**ASSIGNED TASK:** Reproduce every record below word for word and include no pictures.

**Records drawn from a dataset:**

# # #

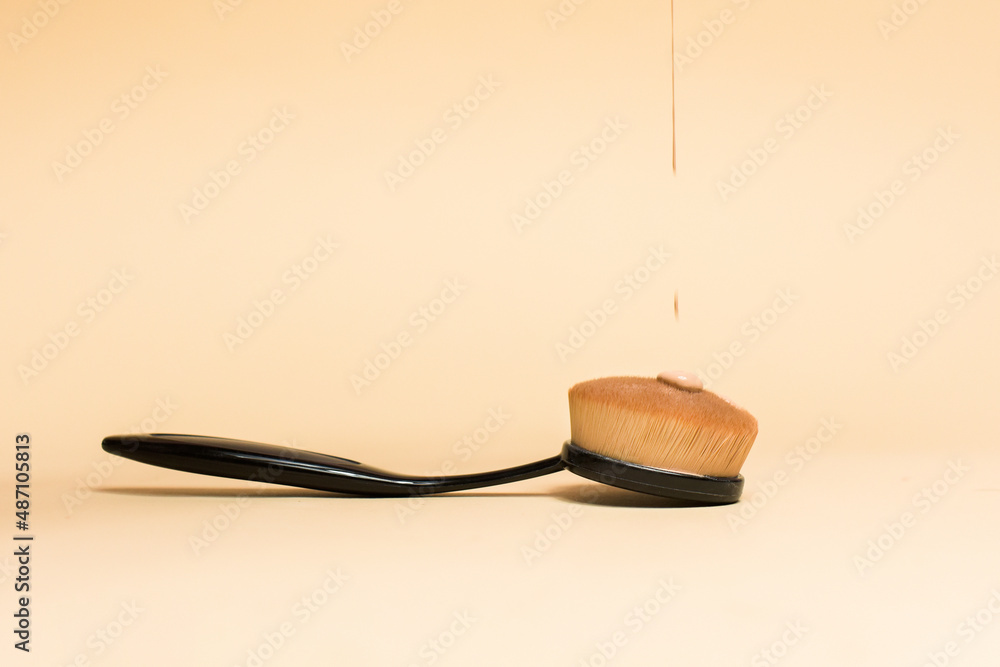 Brush for applying foundation on the face on a nude background. Foundation, cosmetics flowing on the brush, personal care, makeup - obrazy, fototapety, plakaty 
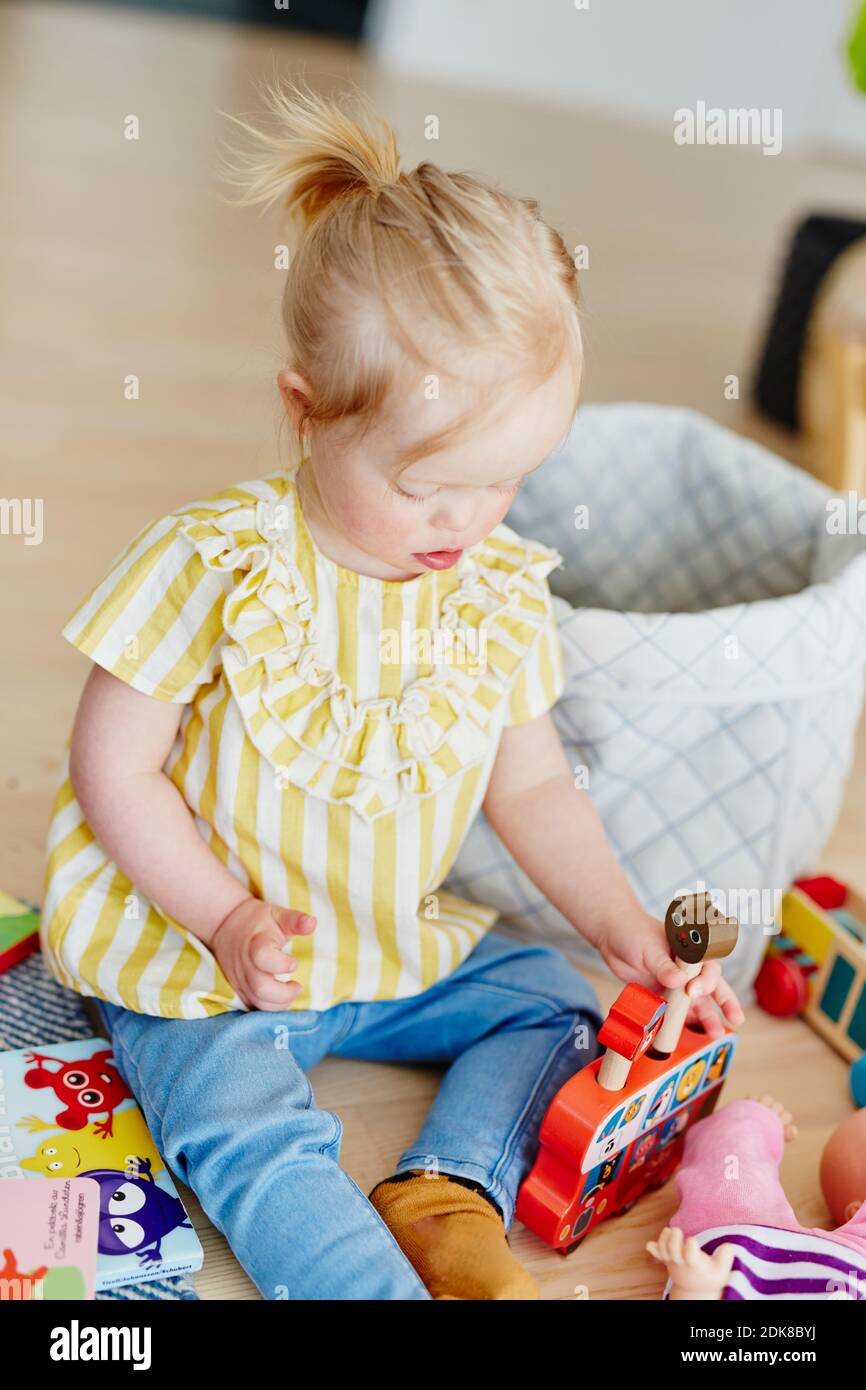 Girl playing with toys Stock Photo - Alamy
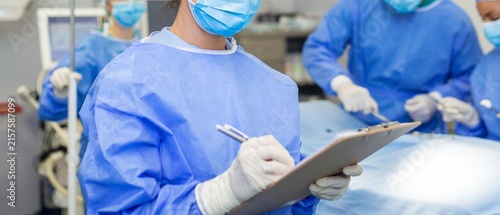 Surgeon Writing on Clipboard During Surgery in Operating Room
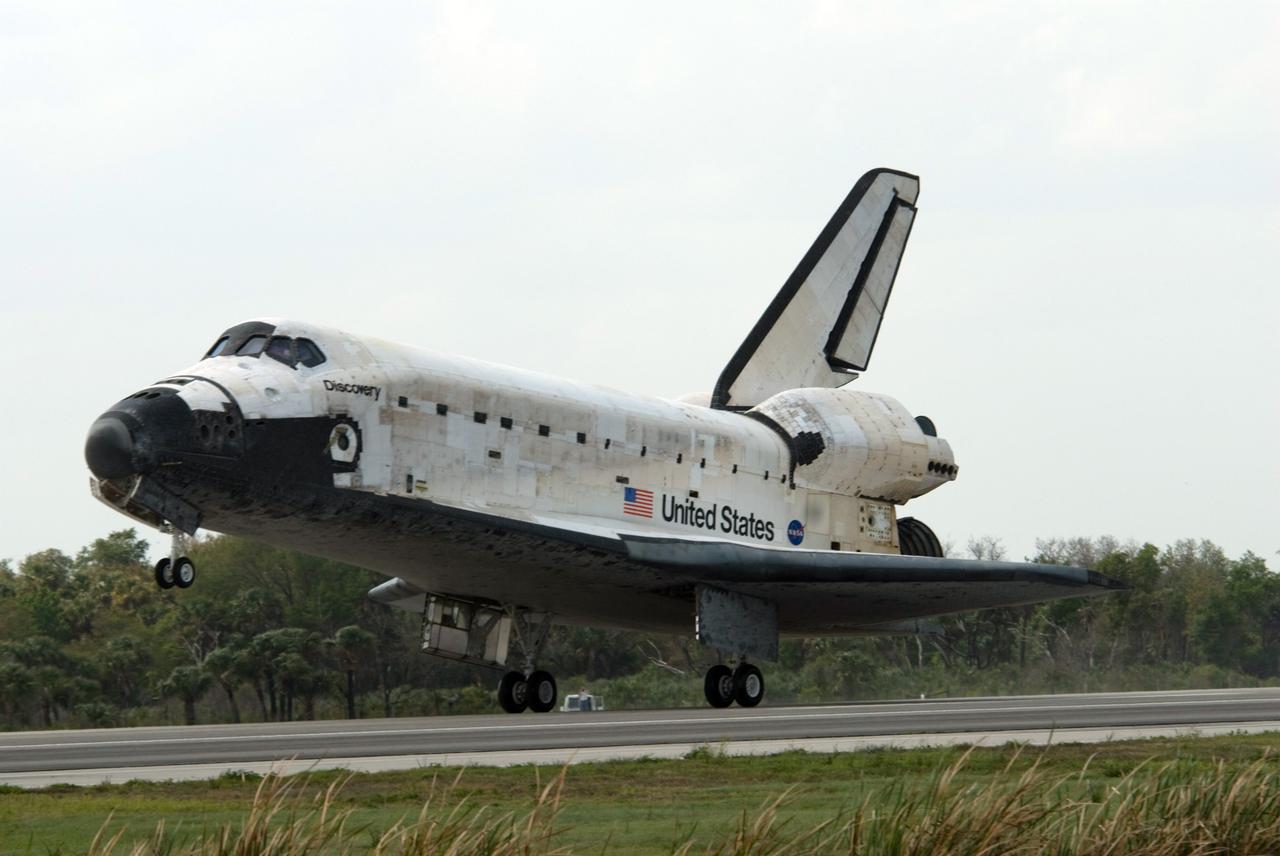 CAPE CANAVERAL, Fla. – The main landing gear of space shuttle Discovery contact the pavement on Runway 15 at NASA's Kennedy Space Center in Florida, completing the 13-day, 5.3-million mile journey on the STS-119 mission to the International Space Station. Main gear touchdown was at 3:13:17 p.m. EDT. Nose gear touchdown was at 3:13:40 p.m. and wheels stop was at 3:14:45 p.m. Discovery delivered the final pair of large power-generating solar array wings and the S6 truss segment. The mission was the 28th flight to the station, the 36th flight of Discovery and the 125th in the Space Shuttle Program, as well as the 70th landing at Kennedy. Photo credit: NASA/Ben Cooper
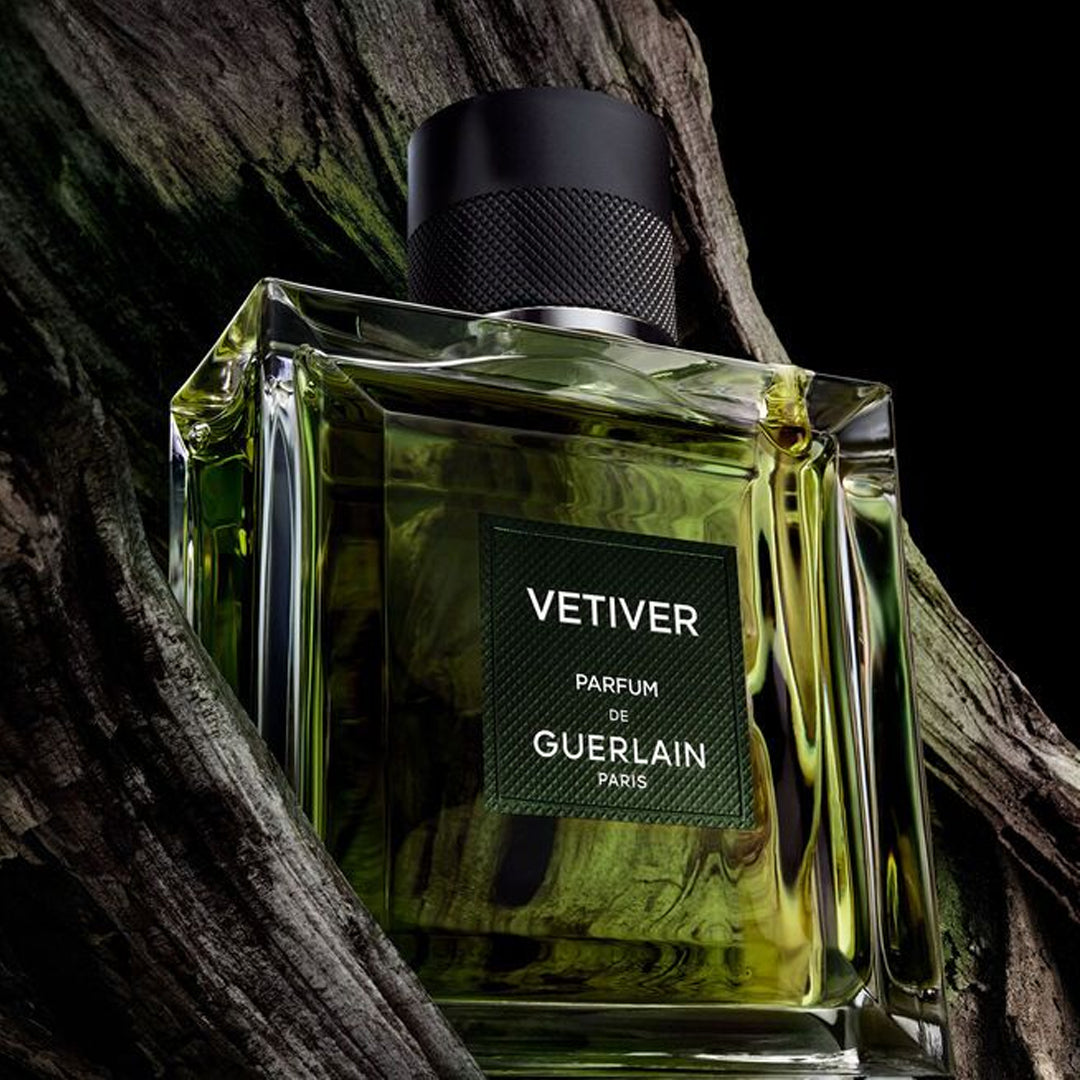 Perfume bottle of Vetiver by Guerlain on a dark background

# # #

**WORKED SOLUTION:**
 Brush for applying foundation on the face on a nude background. Foundation, cosmetics flowing on the brush, personal care, makeup - obrazy, fototapety, plakaty 
 Girl playing with toys Stock Photo - Alamy
 Surgeon Writing on Clipboard During Surgery in Operating Room
 CAPE CANAVERAL, Fla. – The main landing gear of space shuttle Discovery contact the pavement on Runway 15 at NASA's Kennedy Space Center in Florida, completing the 13-day, 5.3-million mile journey on the STS-119 mission to the International Space Station. Main gear touchdown was at 3:13:17 p.m. EDT. Nose gear touchdown was at 3:13:40 p.m. and wheels stop was at 3:14:45 p.m. Discovery delivered the final pair of large power-generating solar array wings and the S6 truss segment. The mission was the 28th flight to the station, the 36th flight of Discovery and the 125th in the Space Shuttle Program, as well as the 70th landing at Kennedy. Photo credit: NASA/Ben Cooper
 Perfume bottle of Vetiver by Guerlain on a dark background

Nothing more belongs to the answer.